This page walks you through the 15 questions you'll be asked, with a short brief and useful context for each. Use it to read ahead, take notes as we talk, or both — your notes save automatically to this browser only.
An EMBA Applied Research Project at SP Jain. The paper proposes a framework called ABSD for how AI systems can understand why users behave the way they do — not just what they do.
The framework is grounded in research but needs people who actually build AI products to pressure-test it. Your domain knowledge and instincts about user behaviour are what we want to surface.
No question has a right answer. We're interested in how you actually think about user behaviour in your work — patterns you've noticed, things that surprise you, intuitions you couldn't fully defend. Skip anything that doesn't apply.

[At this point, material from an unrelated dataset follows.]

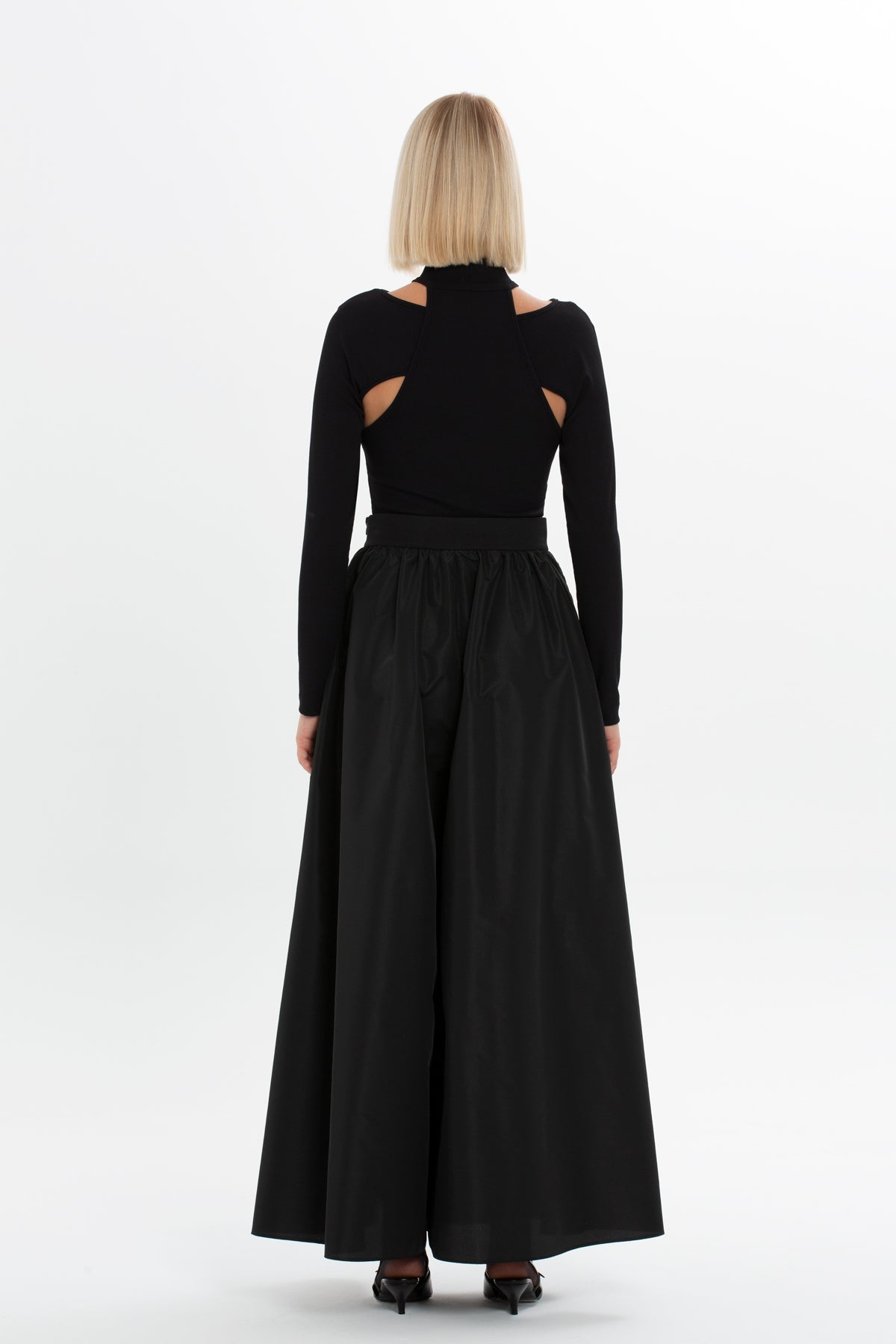 Black Belted Culotte Skirt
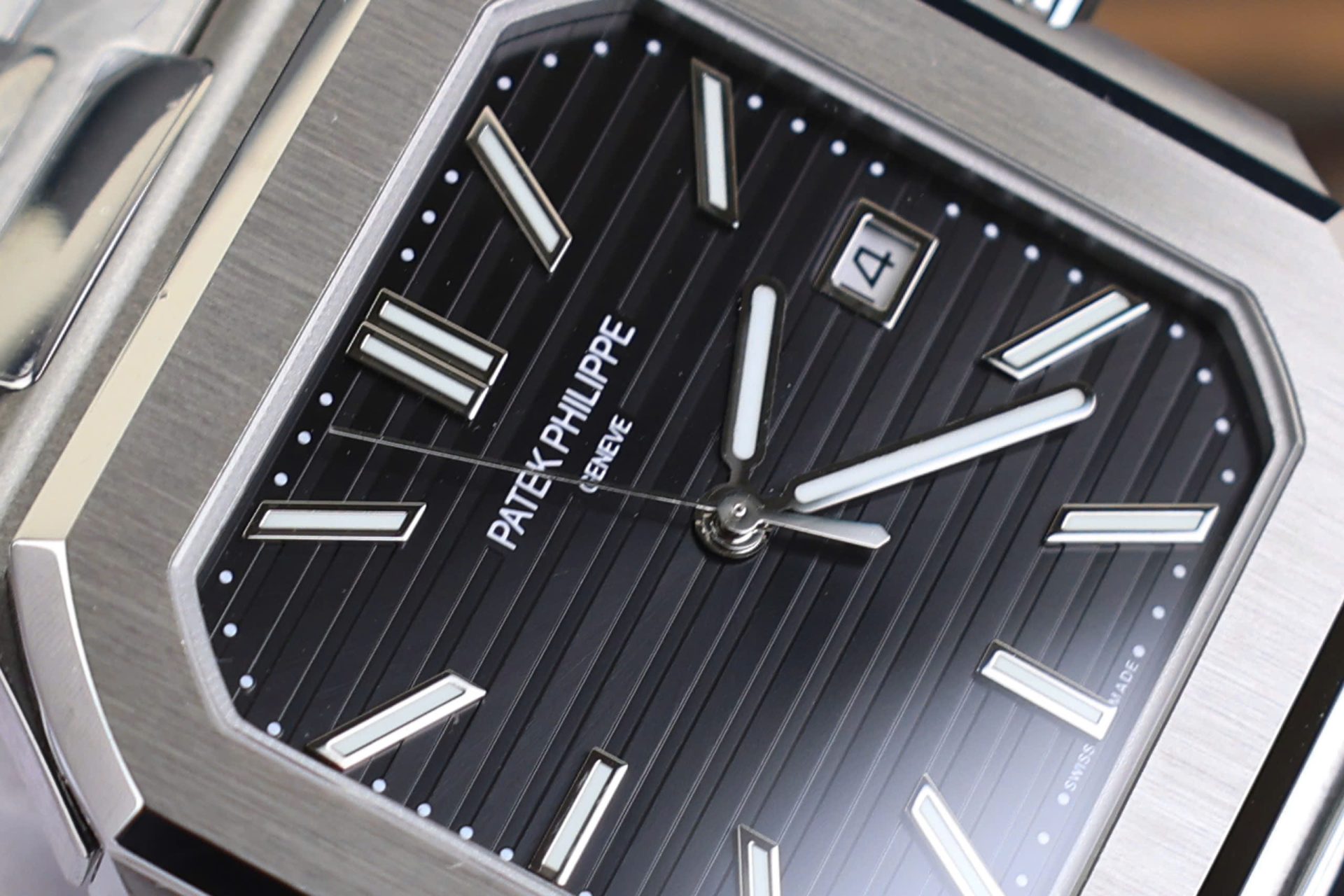 Patek Philippe Cubitus 5821 Replica Watches Black Dial Stainless Steel TW Factory 45mm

Just an orientation. We want to know your role, what kind of AI system or product you work on, and roughly the kind of users it serves.
This is the baseline. What kind of data does the system actually collect, and what does it do in response? Stay descriptive — no need to defend the design.
Most systems today operate at the Action layer — they log events and respond to them. The paper argues this leaves three deeper layers (Behaviour, State, Drive) largely unaddressed.
We're trying to surface the signals you have learned to read — whether or not they're tracked formally. The thing you notice in user-session replays. The pattern that makes you say "something's wrong here."
You may have others not on this list — that's exactly what we want.
Especially: hesitation, navigation switching, re-engagement after drop-off, help-seeking, or changes in interaction pace.
Two parts: what you actively track today, and what's sitting in your event logs that nobody has looked at yet. The gap between "available" and "used" is often where the most interesting questions live.
Forrester (2022) found 73% of companies struggle to use behavioural data for anything beyond basic segmentation. We want to test whether that matches what you see, and what's blocking deeper use.
The same pause can mean different things — confusion, deliberation, distraction, cognitive load. We want to know how you read it in your specific domain, and how much you'd bet on that reading.
A 30-second pause before a complex financial trade is prudent deliberation. The same pause before a simple checkout is probably confusion.
Same signal, different state — because context changes everything.
Genuinely — does this structure feel natural, or does it impose distinctions that aren't useful in practice? We're looking for friction as much as agreement.
Action generates trace data. Behaviour is the pattern in that trace. State is what the user is feeling. Drive is the deeper need shaping how they react to challenge. Each layer is generated by the one above (from the user's side) and must be inferred from the one below (from the AI's side).
Two short stories. The clean read — and the time you got it wrong, or couldn't tell. The ambiguity is often more revealing than the certainty.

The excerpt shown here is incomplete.